As a parent or teacher you have two choices:
• One, you can put your head in the sand and lock your child away until s/he is 21.
• Or make 2013 the year that you are going to become as technology savvy as your children or the learners you teach.
You can't stop a Tsunami!
In the good old days although we as youths might have rebelled it was generally accepted that Parents and Teachers knew more than we did about most things. It was easy to bring up children on a "need to know" basis.
Today, with absolutely everything being available just a few clicks away our youth who are not afraid of technology are accessing all sorts of information which may be useful, true, harmful, or just plain nonsense.
Banning access to the internet and/or social media does not work. Forbidden fruit is always sweeter.
As adults we have the responsibility to guide our children on how to evaluate the information they are accessing and appropriate social media etiquette. If we provide our children with cellphones, tablets and laptops we have the right to monitor what they are using this technology for. In the same way your employer has the right to monitor your use of company equipment. In both cases there is however a fine line between invasion of privacy and exercising your authority.
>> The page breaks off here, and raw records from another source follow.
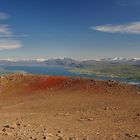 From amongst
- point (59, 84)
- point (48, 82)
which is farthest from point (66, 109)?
point (48, 82)

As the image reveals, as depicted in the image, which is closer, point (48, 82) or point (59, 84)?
point (59, 84)

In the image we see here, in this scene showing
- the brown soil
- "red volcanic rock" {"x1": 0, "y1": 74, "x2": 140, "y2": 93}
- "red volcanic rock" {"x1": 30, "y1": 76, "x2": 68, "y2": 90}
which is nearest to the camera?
the brown soil

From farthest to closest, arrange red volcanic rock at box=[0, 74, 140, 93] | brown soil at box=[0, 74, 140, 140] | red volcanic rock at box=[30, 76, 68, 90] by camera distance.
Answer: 1. red volcanic rock at box=[30, 76, 68, 90]
2. red volcanic rock at box=[0, 74, 140, 93]
3. brown soil at box=[0, 74, 140, 140]

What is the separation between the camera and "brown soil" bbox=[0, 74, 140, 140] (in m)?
17.4

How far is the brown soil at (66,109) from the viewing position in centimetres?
1739

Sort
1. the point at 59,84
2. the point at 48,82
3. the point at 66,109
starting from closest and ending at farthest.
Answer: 1. the point at 66,109
2. the point at 59,84
3. the point at 48,82

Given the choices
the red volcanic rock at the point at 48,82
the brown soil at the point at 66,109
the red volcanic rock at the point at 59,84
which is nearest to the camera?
the brown soil at the point at 66,109

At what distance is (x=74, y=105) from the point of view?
29281mm

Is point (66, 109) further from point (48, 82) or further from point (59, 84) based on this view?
point (48, 82)

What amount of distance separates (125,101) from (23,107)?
10.4 m

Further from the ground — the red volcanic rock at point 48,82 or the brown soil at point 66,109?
the red volcanic rock at point 48,82

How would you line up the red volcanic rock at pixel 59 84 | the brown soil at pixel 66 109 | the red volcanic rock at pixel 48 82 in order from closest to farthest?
the brown soil at pixel 66 109 → the red volcanic rock at pixel 59 84 → the red volcanic rock at pixel 48 82

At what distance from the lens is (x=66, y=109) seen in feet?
90.4

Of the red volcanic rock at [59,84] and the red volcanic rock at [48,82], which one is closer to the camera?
the red volcanic rock at [59,84] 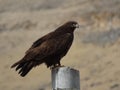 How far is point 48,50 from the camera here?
441 inches

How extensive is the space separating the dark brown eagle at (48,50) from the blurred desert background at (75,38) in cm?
1491

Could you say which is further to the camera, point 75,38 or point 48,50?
point 75,38

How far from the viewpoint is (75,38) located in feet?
110

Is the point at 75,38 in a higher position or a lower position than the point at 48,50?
higher

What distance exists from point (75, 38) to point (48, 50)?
22.4m

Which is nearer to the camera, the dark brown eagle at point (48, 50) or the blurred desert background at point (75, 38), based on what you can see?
the dark brown eagle at point (48, 50)

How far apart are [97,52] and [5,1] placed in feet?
34.4

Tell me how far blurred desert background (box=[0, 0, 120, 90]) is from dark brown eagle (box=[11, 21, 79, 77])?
48.9 feet

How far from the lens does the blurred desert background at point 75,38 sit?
94.5 feet

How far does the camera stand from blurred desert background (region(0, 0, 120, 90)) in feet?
94.5

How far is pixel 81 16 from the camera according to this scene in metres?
35.6

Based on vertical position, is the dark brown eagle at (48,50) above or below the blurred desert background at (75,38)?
below

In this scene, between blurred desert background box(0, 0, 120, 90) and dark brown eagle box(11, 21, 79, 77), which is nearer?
dark brown eagle box(11, 21, 79, 77)

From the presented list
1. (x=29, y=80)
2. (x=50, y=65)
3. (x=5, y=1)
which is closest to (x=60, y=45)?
(x=50, y=65) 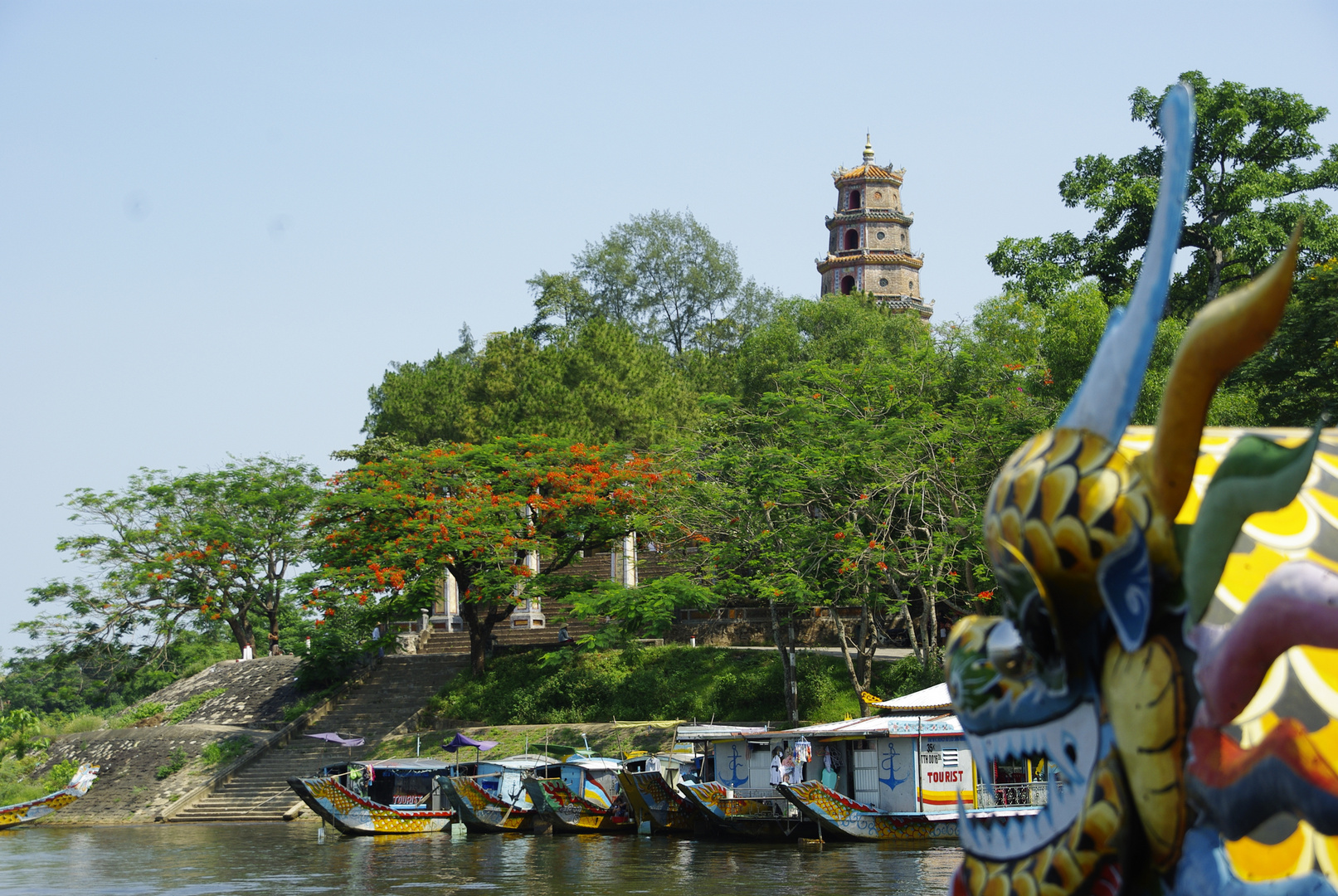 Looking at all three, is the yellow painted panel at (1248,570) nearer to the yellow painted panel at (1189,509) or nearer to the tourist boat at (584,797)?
the yellow painted panel at (1189,509)

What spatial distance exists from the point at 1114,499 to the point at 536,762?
24.4 meters

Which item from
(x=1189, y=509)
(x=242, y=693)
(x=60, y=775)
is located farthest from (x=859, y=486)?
(x=1189, y=509)

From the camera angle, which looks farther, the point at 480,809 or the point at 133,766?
the point at 133,766

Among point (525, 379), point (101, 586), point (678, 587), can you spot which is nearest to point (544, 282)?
point (525, 379)

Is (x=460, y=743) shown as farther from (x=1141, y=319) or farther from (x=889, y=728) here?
(x=1141, y=319)

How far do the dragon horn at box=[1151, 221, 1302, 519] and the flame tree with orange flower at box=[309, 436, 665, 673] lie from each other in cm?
2765

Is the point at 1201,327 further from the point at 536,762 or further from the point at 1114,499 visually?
the point at 536,762

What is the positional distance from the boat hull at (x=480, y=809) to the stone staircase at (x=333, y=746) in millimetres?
6354

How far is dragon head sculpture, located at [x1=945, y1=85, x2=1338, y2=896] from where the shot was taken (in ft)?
10.2

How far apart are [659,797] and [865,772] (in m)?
4.59

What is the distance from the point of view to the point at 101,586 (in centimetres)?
3719

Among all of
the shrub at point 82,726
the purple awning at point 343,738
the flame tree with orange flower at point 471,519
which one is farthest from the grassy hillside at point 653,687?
the shrub at point 82,726

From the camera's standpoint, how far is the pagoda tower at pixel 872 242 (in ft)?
176

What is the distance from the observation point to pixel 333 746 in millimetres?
32906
Children and teens will always experiment and push the boundaries, which is their right and responsibility to ensure that they grow up as well rounded and well informed adults who can make good choices. In families where each individual has learned to care for and respect others they will apply the same values when using Social Media. Yes, they will make mistakes and at times be inappropriate but they will have the skills to apologise and rectify them with grace.
It is no longer an option to be "technologically challenged". Schools are increasingly using technology in the classrooms, text books are moving to electronic format (at least they won't be dumped in warehouses or on river banks), print media is disappearing at an alarming rate and managing our banking by cellphone or the internet is the way most of us pay our bills.
I was blown away by this amazing story of how Illiterate Ethiopian Children who came across 2 sealed boxes of Tablets managed to work out how to use them, how to change the settings and even to teach themselves English.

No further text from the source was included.